Avant de formuler mon témoignage, je souhaite rendre hommage aux intervenants qui œuvrent au quotidien dans les maisons de retraite, pour les soins, la santé, le ménage, l'administration ou la cuisine. En effet, ils travaillent courageusement dans des conditions difficiles et je souhaite leur exprimer ma gratitude. Ils sont un peu comme des anges gardiens pour nos aînés et je les soutiens dans leurs revendications visant à améliorer leurs conditions de travail et la reconnaissance qui leur est due. Car ces conditions rejaillissent directement sur la qualité de vie des personnes. Par conditions difficiles, j'entends les effets d'un budget dramatiquement insuffisant accordé par l’État aux maisons de retraite et aux hôpitaux. Cette insuffisance engendre un manque de structures d'accueil et de lits disponibles, certaines personnes dépendantes devant attendre plusieurs semaines à l'hôpital qu'une place en maison se libère. Autrement dit : que quelqu'un meure. Du coup, les hôpitaux sont surchargés et gèrent comme ils le peuvent la surpopulation. Autres conséquences : un équipement insuffisant pour le confort des personnes, un espace vital restreint, un sérieux manque d'effectifs qui engendre découragement, frustration, stress et mésentente, voire, parfois, agressivité de part et d'autre.
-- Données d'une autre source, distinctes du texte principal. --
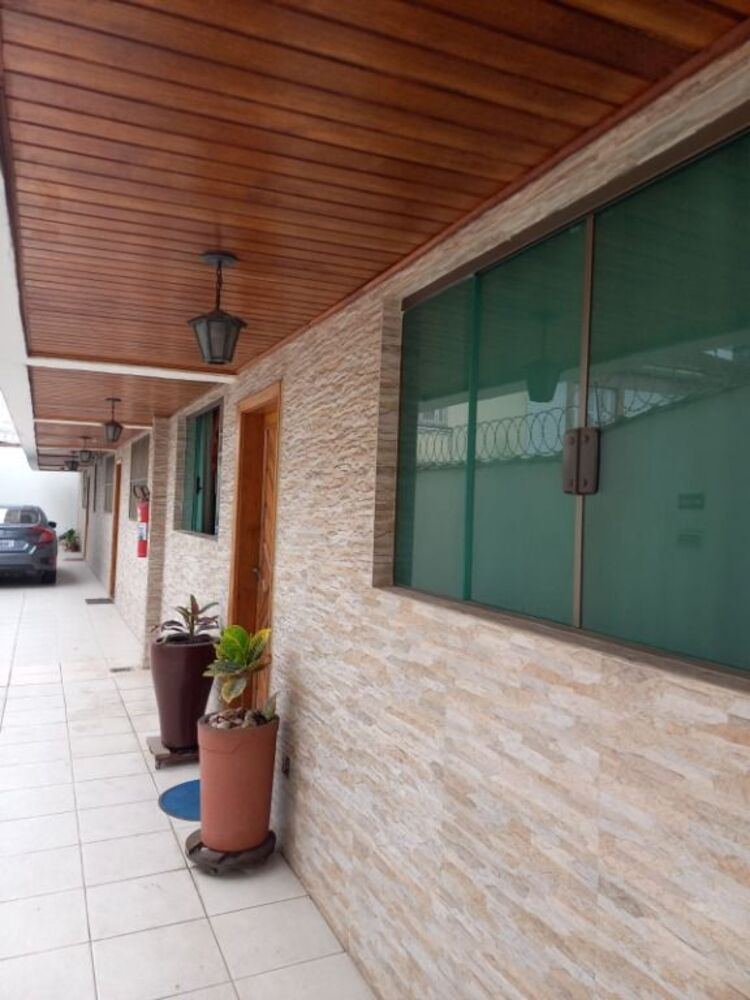Sobrado, 3 quartos, 115 m² - Foto 1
Chacun fait de son mieux mais même les plus grandes âmes s'usent à en faire trop avec pas assez. Les intervenants aimeraient disposer de plus de temps pour la qualité de leur service mais ils agissent perpétuellement dans l'urgence.
Certes, le maximum est accompli avec un minimum – nombreux ateliers créatifs, invitation de musiciens et de chanteurs – et, certes, la plupart des intervenants font preuve des meilleures intentions envers les résidents et multiplient les petites attentions à leur égard – je suis parfois le témoin de gestes d'une émouvante tendresse. Il résulte pourtant trop souvent de ce sous-effectif une ambiance préjudiciable à tous, du fait d'emplois précaires de personnes visiblement dépourvues de vocation. De surcroît, j'ai parfois l'occasion de constater que quelques personnes titulaires aux mines peu épanouies manifestent une dureté et un manque d'empathie qui me laissent sans voix. Je ne souhaite aucunement leur jeter la pierre, mesurant combien le désarroi peut rendre à ce point maussade et que nous ne sommes pas tous égaux en présence de la souffrance. A titre d'exemple, certains résidents peuvent rester un mois sans douche ! Sans compter qu'avec la cadence imposée pour la toilette on sacrifie la douceur au profit de la rentabilité. Pour parler crûment, certains résidents puent.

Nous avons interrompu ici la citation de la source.